WORK REQUEST> Your answer should repeat every record verbatim.

========================================================================

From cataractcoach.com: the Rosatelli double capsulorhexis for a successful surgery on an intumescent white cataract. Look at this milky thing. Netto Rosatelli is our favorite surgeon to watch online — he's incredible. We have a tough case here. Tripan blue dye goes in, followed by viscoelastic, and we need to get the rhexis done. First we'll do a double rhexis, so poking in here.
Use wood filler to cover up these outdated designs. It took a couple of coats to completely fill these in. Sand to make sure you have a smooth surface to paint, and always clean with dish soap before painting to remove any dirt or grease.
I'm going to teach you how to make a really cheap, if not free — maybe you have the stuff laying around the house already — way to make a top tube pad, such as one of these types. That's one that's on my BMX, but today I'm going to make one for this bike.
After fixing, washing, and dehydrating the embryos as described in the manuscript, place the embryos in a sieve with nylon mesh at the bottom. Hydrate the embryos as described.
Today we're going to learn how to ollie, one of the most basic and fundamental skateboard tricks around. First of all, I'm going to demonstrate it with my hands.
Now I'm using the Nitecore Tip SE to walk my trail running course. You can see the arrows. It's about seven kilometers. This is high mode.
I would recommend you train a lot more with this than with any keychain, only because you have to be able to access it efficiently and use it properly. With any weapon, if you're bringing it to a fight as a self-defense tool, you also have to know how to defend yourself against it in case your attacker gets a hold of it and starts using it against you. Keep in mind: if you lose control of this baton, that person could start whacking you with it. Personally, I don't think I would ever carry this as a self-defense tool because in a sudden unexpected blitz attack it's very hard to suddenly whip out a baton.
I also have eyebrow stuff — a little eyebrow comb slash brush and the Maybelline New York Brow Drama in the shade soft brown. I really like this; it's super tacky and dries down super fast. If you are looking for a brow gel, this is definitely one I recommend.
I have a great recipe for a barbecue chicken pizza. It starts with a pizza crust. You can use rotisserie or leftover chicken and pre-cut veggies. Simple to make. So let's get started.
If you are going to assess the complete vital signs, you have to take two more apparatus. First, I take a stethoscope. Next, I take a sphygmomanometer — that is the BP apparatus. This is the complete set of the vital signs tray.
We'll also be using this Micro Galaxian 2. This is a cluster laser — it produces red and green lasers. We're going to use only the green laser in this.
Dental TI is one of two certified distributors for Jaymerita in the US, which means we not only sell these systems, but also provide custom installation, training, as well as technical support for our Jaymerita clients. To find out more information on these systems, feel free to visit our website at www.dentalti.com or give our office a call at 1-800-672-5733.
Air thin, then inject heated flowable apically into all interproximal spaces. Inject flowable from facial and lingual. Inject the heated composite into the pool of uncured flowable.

========================================================================

ANSWER SPACE>
From cataractcoach.com: the Rosatelli double capsulorhexis for a successful surgery on an intumescent white cataract. Look at this milky thing. Netto Rosatelli is our favorite surgeon to watch online — he's incredible. We have a tough case here. Tripan blue dye goes in, followed by viscoelastic, and we need to get the rhexis done. First we'll do a double rhexis, so poking in here.
Use wood filler to cover up these outdated designs. It took a couple of coats to completely fill these in. Sand to make sure you have a smooth surface to paint, and always clean with dish soap before painting to remove any dirt or grease.
I'm going to teach you how to make a really cheap, if not free — maybe you have the stuff laying around the house already — way to make a top tube pad, such as one of these types. That's one that's on my BMX, but today I'm going to make one for this bike.
After fixing, washing, and dehydrating the embryos as described in the manuscript, place the embryos in a sieve with nylon mesh at the bottom. Hydrate the embryos as described.
Today we're going to learn how to ollie, one of the most basic and fundamental skateboard tricks around. First of all, I'm going to demonstrate it with my hands.
Now I'm using the Nitecore Tip SE to walk my trail running course. You can see the arrows. It's about seven kilometers. This is high mode.
I would recommend you train a lot more with this than with any keychain, only because you have to be able to access it efficiently and use it properly. With any weapon, if you're bringing it to a fight as a self-defense tool, you also have to know how to defend yourself against it in case your attacker gets a hold of it and starts using it against you. Keep in mind: if you lose control of this baton, that person could start whacking you with it. Personally, I don't think I would ever carry this as a self-defense tool because in a sudden unexpected blitz attack it's very hard to suddenly whip out a baton.
I also have eyebrow stuff — a little eyebrow comb slash brush and the Maybelline New York Brow Drama in the shade soft brown. I really like this; it's super tacky and dries down super fast. If you are looking for a brow gel, this is definitely one I recommend.
I have a great recipe for a barbecue chicken pizza. It starts with a pizza crust. You can use rotisserie or leftover chicken and pre-cut veggies. Simple to make. So let's get started.
If you are going to assess the complete vital signs, you have to take two more apparatus. First, I take a stethoscope. Next, I take a sphygmomanometer — that is the BP apparatus. This is the complete set of the vital signs tray.
We'll also be using this Micro Galaxian 2. This is a cluster laser — it produces red and green lasers. We're going to use only the green laser in this.
Dental TI is one of two certified distributors for Jaymerita in the US, which means we not only sell these systems, but also provide custom installation, training, as well as technical support for our Jaymerita clients. To find out more information on these systems, feel free to visit our website at www.dentalti.com or give our office a call at 1-800-672-5733.
Air thin, then inject heated flowable apically into all interproximal spaces. Inject flowable from facial and lingual. Inject the heated composite into the pool of uncured flowable.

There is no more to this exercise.